Realizada entre agosto e setembro, a cerimônia marca o encerramento do desenvolvimento dos sistemas que serão utilizados nas eleições. Durante o ato, representantes das entidades fiscalizadoras e o presidente do TSE realizam a assinatura digital dos programas, tornando-os definitivos para o pleito.
Segundo Valente, após a assinatura digital e a lacração, os sistemas permanecem inalterados até o dia da votação. Conforme explicou, nenhuma modificação pode ser realizada, seja por agentes internos ou externos, sem que todo o processo seja refeito em uma nova cerimônia pública.
Fiscalização em diferentes etapas
Além da assinatura digital, os sistemas passam por procedimentos de verificação ao longo de toda a preparação das eleições.

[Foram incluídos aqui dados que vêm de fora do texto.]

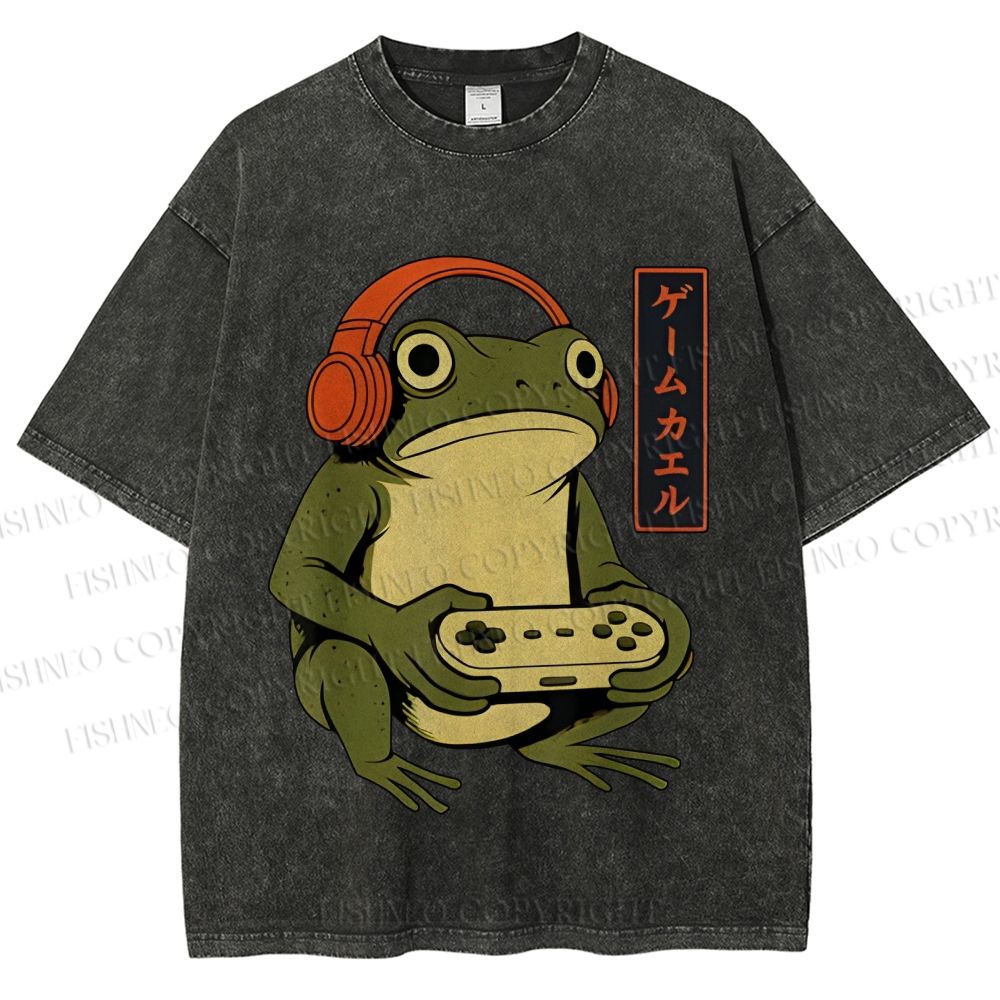Unisex Gamer Frog Printed Washed Tee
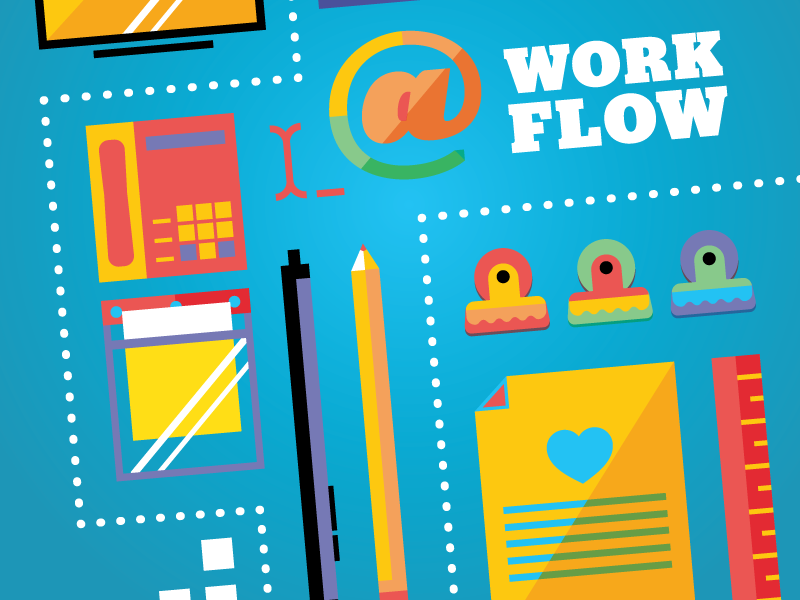 Workflow workflow desk supplies office flat pencil tablet organization monitor email paper work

Na fase de geração das mídias e preparação das urnas, partidos políticos e demais entidades fiscalizadoras podem conferir se os programas instalados correspondem exatamente aos sistemas previamente lacrados.
A autenticação também é realizada nas seções eleitorais antes do início da votação, quando o juiz eleitoral verifica a integridade do software instalado em cada equipamento. Procedimentos semelhantes ocorrem ainda nos dispositivos responsáveis pela transmissão dos boletins de urna e nos sistemas utilizados pelo próprio Tribunal Superior Eleitoral.
Teste de integridade
Outro mecanismo de auditoria adotado pela Justiça Eleitoral é o Teste de Integridade das urnas eletrônicas, realizado desde 2002. Na véspera da eleição, centenas de equipamentos são sorteados em evento público e retirados das seções eleitorais para participar da verificação.
No dia da votação, as urnas recebem votos simulados em ambiente controlado, com acompanhamento de empresa de auditoria. Ao final do procedimento, os resultados emitidos pelos equipamentos são comparados aos votos previamente registrados pela equipe responsável pelo teste.
De acordo com Júlio Valente, em mais de duas décadas de realização desse procedimento, nunca foram registradas divergências entre os votos inseridos e os resultados apresentados pelas urnas eletrônicas. Segundo o secretário, o teste reforça a confiabilidade e a integridade do processo eleitoral informatizado brasileiro.